Reputation: 41
I am trying to access a set of urls present in rows and scrape respective information from all those links and store it in a text file. I have my links stored in a file - "ctp_output.csv" Currently I am able to extract information by directly providing a single link. Require some guidance.
import csv
import urllib2
from bs4 import BeautifulSoup
url = "http://www.thedrum.com/news/2015/07/29/mankind-must-get-ahead-technical-development-states-phds-mark-holden-following"
soup = BeautifulSoup(urllib2.urlopen(url))

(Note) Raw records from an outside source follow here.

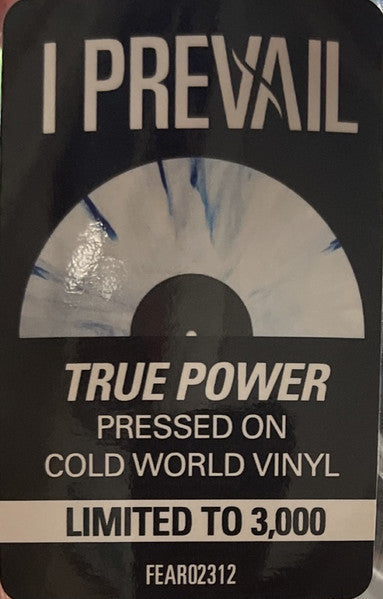 True Power - I Prevail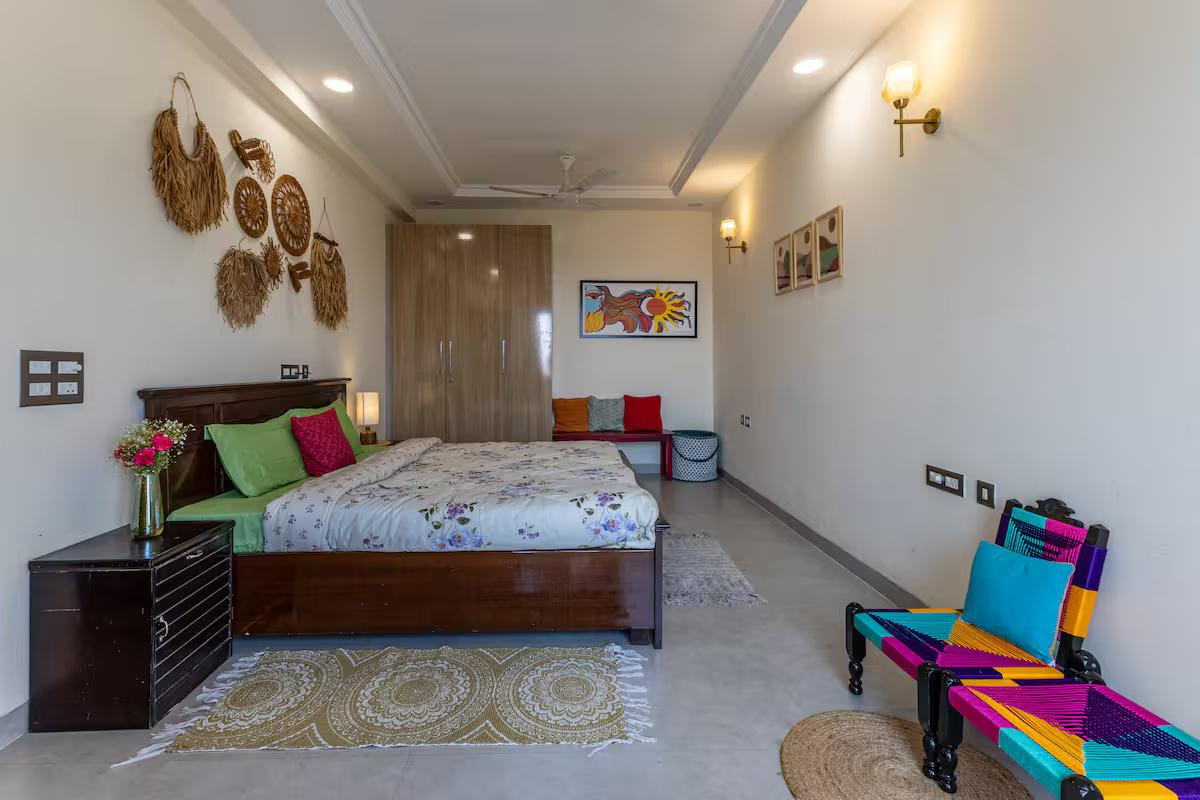 The Sky Penthouse | Mussoorie Rd x Solis Nature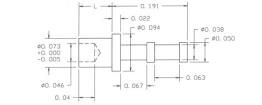 10-206-2-01 electronic component of Concord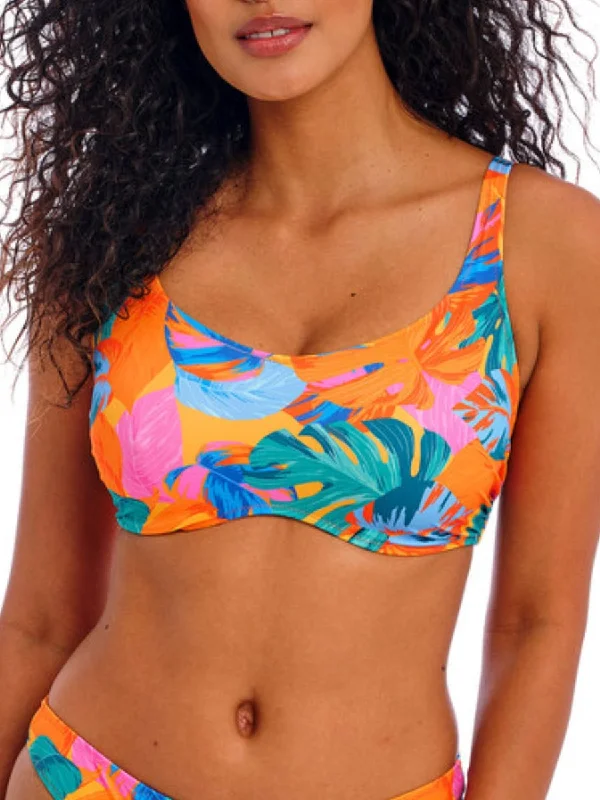 Aloha Coast Bralette Bikini Top - Zest Vintage-inspired bikini, Retro style, Chic, Sexy Aloha Coast Bralette Bikini Top - Zest Vintage-inspired bikini, Retro style, Chic, Sexy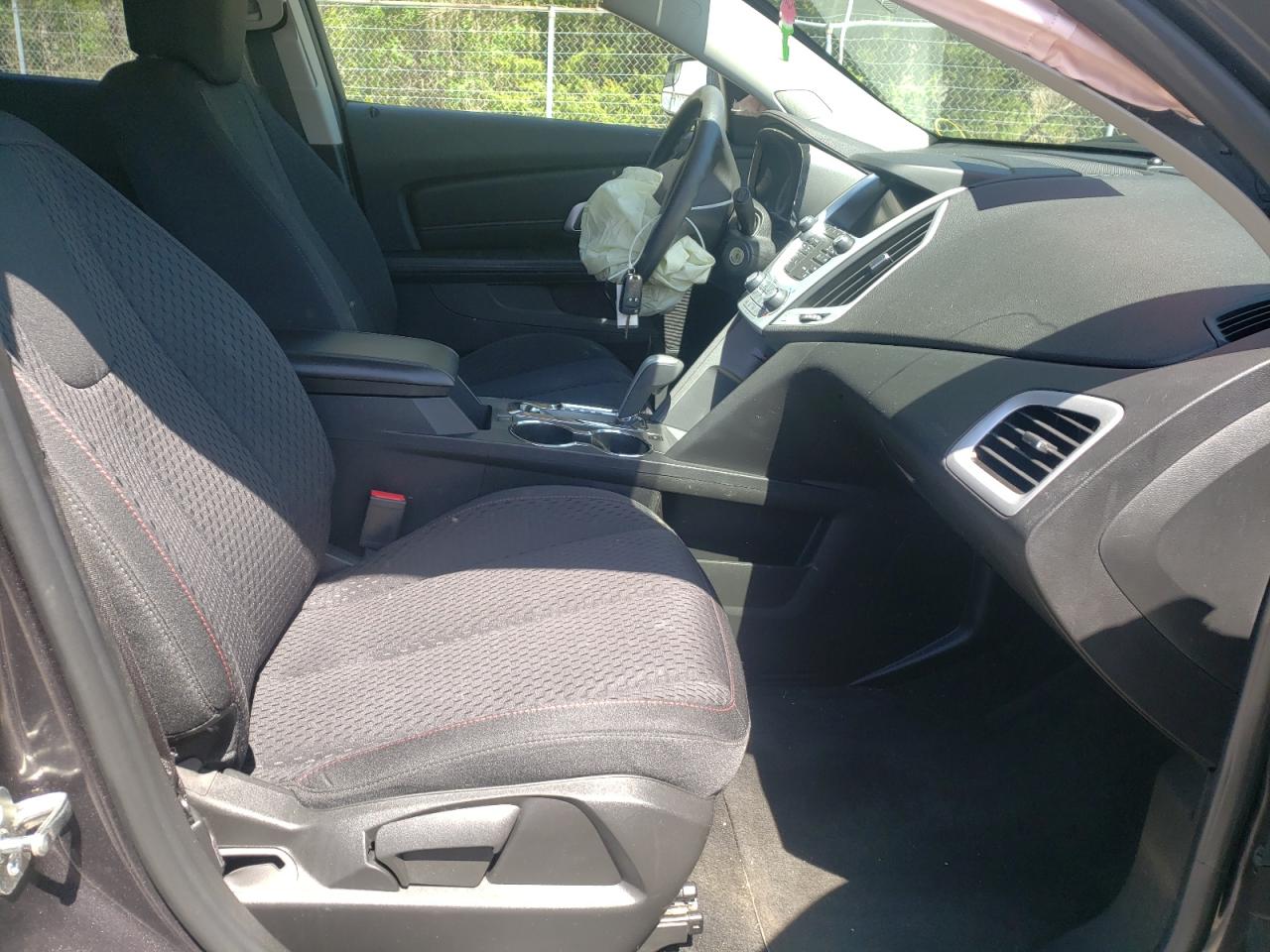 Фото 5 с аукциона – 2014 GMC TERRAIN SL с VIN 2GKALMEK8E6286812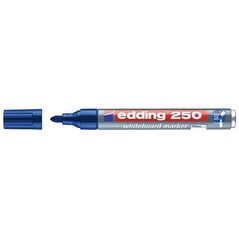 Edding 250 Whiteboard Marker Blue (4-250003) (EDD4-250003) έως 12 άτοκες Δόσεις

with open('ctp_output.txt', 'w') as f:
for tag in soup.find_all('p'):
f.write(tag.text.encode('utf-8') + '\n')
Upvotes: 0
Views: 2156
Reputation: 402263
The next step is to open the csv file and then loop over each line, extracting information for each link. You can do that like this:
import csv
with open('test.csv', 'rb') as f:
reader = csv.reader(f)
for line in reader:
url = line[0] # assuming your url is your first column
.... # scraping code here
Upvotes: 1
Reputation: 936
You can use import the csv in pandas
dataframe using pandas.read_csv()
.
Then iterate through the rows of the dataframe like
for url in data_frame_name.iterrows():
....use the url to get the information like you did in the question.
Upvotes: 0